The foregoing description of the Merger Agreement does not purport to be complete and is qualified in its entirety by reference to the Merger Agreement, which is filed as Exhibit 2.1 hereto and is incorporated herein by reference. The Merger Agreement has been provided solely to inform investors of its terms. The Merger Agreement contains representations, warranties and covenants, which were made for the purposes of such agreement and as of specific dates, were made solely for the benefit of the parties to the Merger Agreement and may be intended not as statements of facts, but rather as a way of allocating risk to one of the parties if those statements prove to be inaccurate. In addition, such representations, warranties and covenants may be subject to important qualifications and limitations agreed to by the Company, Parent and Merger Sub in connection with the negotiated terms or with certain disclosures not reflected in the text of the Merger Agreement, may not be accurate or complete as of any specified date or may be subject to a contractual standard of materiality different from those generally applicable to stockholders of other investors in the Company. The Company’s stockholders and other investors are not third-party beneficiaries under the Merger Agreement and should not rely on the representations, warranties and covenants or any descriptions thereof as characterizations of the actual state of facts of conditions of the Company, Parent, Merger Sub or any of their respective subsidiaries or affiliates.

 

Item 1.02 Termination of a Material Definitive Agreement

On April 30, 2013, the Company entered into an Agreement and Plan of Merger (the “Varsity Merger Agreement”) with Varsity Acquisition, LLC, a Delaware limited liability company (“Varsity”) and All Big Ten Holdings, Inc., a Delaware company and wholly-owned subsidiary of Varsity (“Big Ten”) pursuant to which, among other things, Big Ten was to commence a tender offer for all of the outstanding shares of the Company Common Stock, subject to the terms and conditions of the Varsity Merger Agreement, as described in the Company’s Form 8-K filed on May 1, 2013.


Pursuant to the Varsity Merger Agreement, and upon the terms and subject to the conditions thereof, Big Ten was to commence a tender offer (the “Planned Offer”) to acquire all of the outstanding shares of common stock, par value $0.10 per share, of the Company (“Company Common Stock”) at a purchase price of $0.98 per share in cash (the “Planned Offer Price”), subject to any required withholding of taxes.
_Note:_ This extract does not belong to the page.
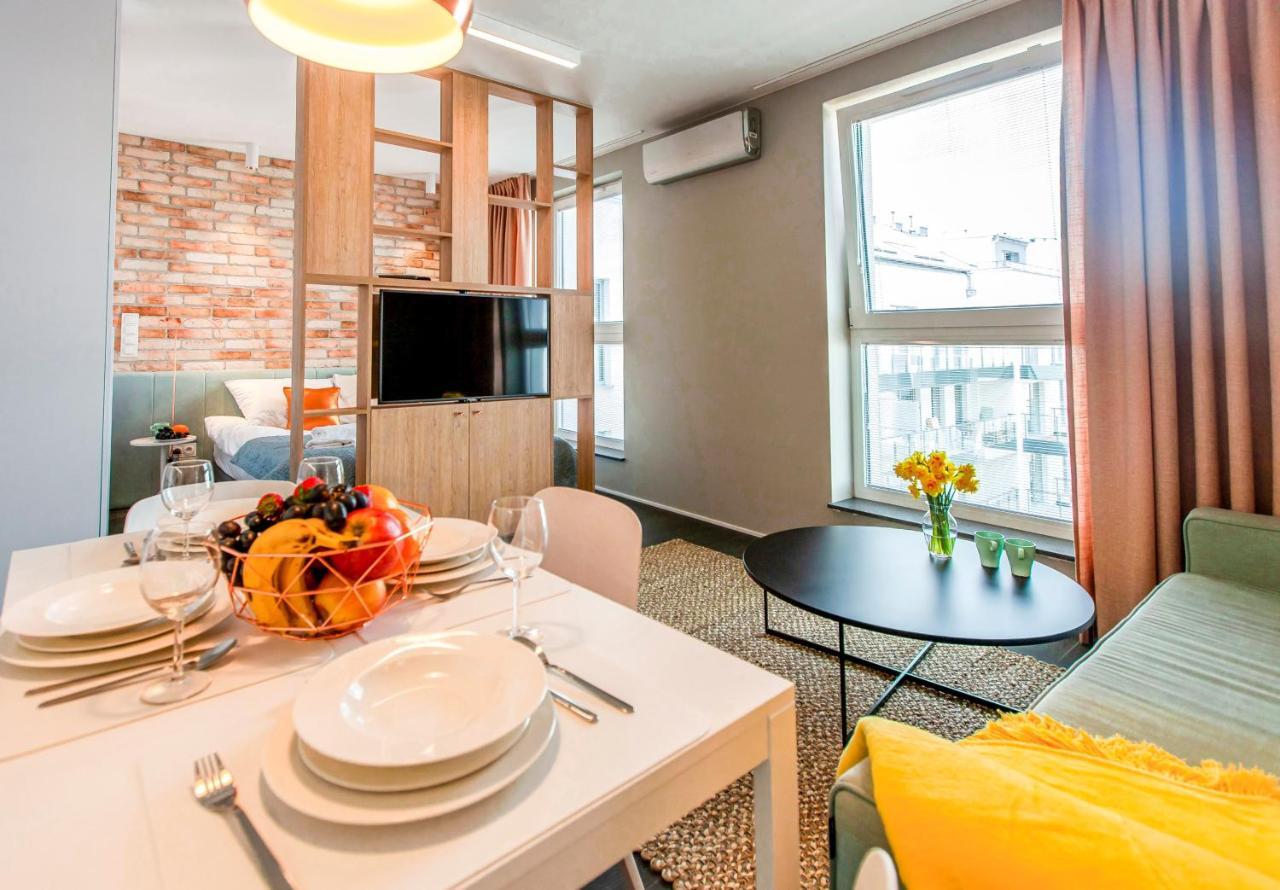 Megi & Greg Apartments Gdaňsk Exteriér fotografie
A special committee of the Company’s Board of Directors, consisting solely of independent directors, and the Company’s Board of Directors both unanimously approved the transaction.
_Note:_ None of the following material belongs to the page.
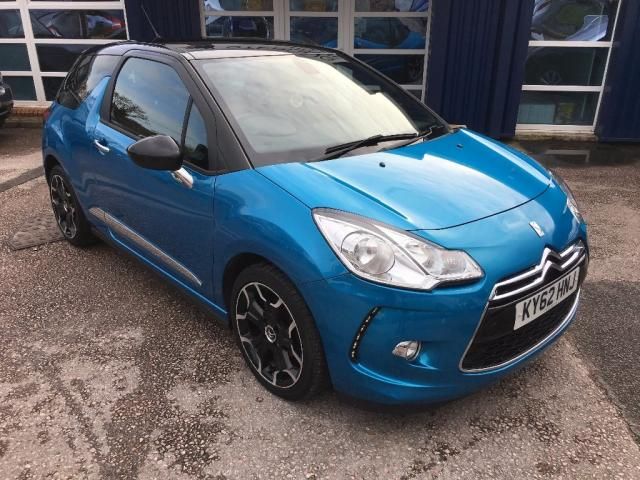2012 CITROEN DS3 1.6 3dr image 1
Varsity and Big Ten agreed to commence the Planned Offer on the fifth business day following the end of the Go-Shop Period (as defined below). Big Ten’s obligation to purchase the shares of the Company Common Stock tendered in the Planned Offer was subject to certain conditions, including that the number of shares of the Company Common Stock that have been validly tendered and not properly withdrawn, together with the shares beneficially owned by Parent or Merger Sub, if any, represent at least a majority of the outstanding shares of the Company Common Stock.
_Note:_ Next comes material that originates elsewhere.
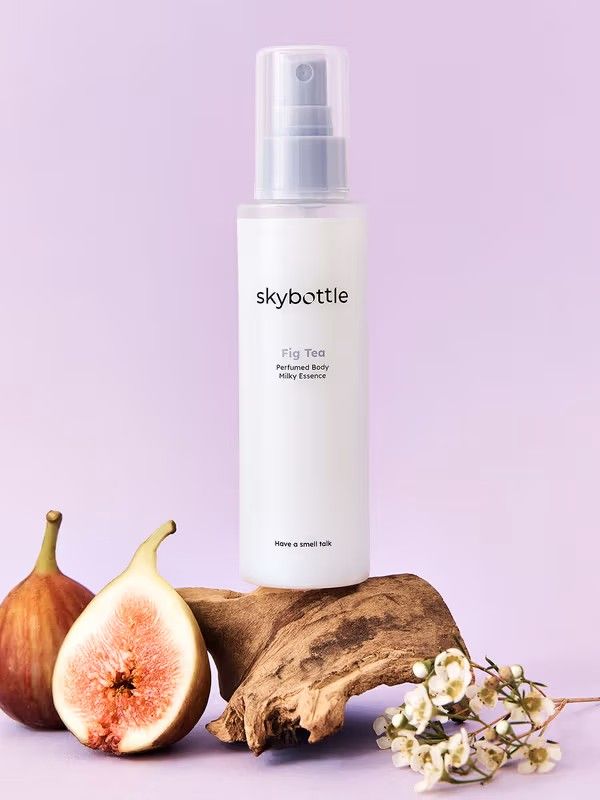 ​Skybottle Pig Tea Perfume Body Milky Essence 120 ml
The Varsity Merger Agreement included a “go-shop” provision whereby the special committee of the Company’s Board of Directors, with the assistance of its independent advisors, were permitted to actively solicit superior acquisition proposals from third parties for 45 days following the signing of the Varsity Merger Agreement (the “Go-Shop Period”). During the Go-Shop Period, the special committee obtained a superior proposal from Parent, which offered a purchase price of $1.18 per share, as described in detail in Section 1.01 of this Current Report Form 8-K. As a result, on June 11, 2013, the Company provided notice of termination under the Varsity Merger Agreement, to be effective as of the end of the day on June 14, 2013, and entered into the Merger Agreement, which Merger Agreement, with the exception of provisions around break-up fees and the ability to accept a superior offer, did not become effective until the termination of the Varsity Merger Agreement was effective. As a result of the termination of the Varsity Merger Agreement, the Company is required to pay Varsity a $500,000 termination fee.

Item 8.01 Other Events

On June 17, 2013, Veramark issued a press release announcing the termination of the Varsity Merger Agreement and entry into the Merger Agreement. A copy of such press release is attached to this Current Report on Form 8-K as Exhibit 99.1.

Important Information

This Current Report on Form 8-K (the “Form 8-K”) is for informational purposes only and is not an offer to buy or the solicitation of an offer to sell any of the shares of Company Common Stock. Parent and Merger Sub have informed the Company that they intend to file a Tender Offer Statement on Schedule TO, including an Offer to Purchase, Letter of Transmittal and additional related tender offer documents (the “Tender Offer Documents”) with the Securities and Exchange Commission (the “SEC”). Investors and stockholders of the Company are strongly advised to read the Tender Offer Documents, the related solicitation/recommendation statement on Schedule 14D-9 that will be filed by the Company, and other relevant materials when they become available, because such materials contain important information regarding the tender offer. When they are available, stockholders will be able to obtain these documents without charge from the SEC’s website at http://www.sec.gov/. Copies can also be obtained at no charge by directing a request to the Company at Veramark Technologies, Inc., 1565 Jefferson Road, Suite 120, Rochester, New York 14623, or by phone at (585) 383-6872.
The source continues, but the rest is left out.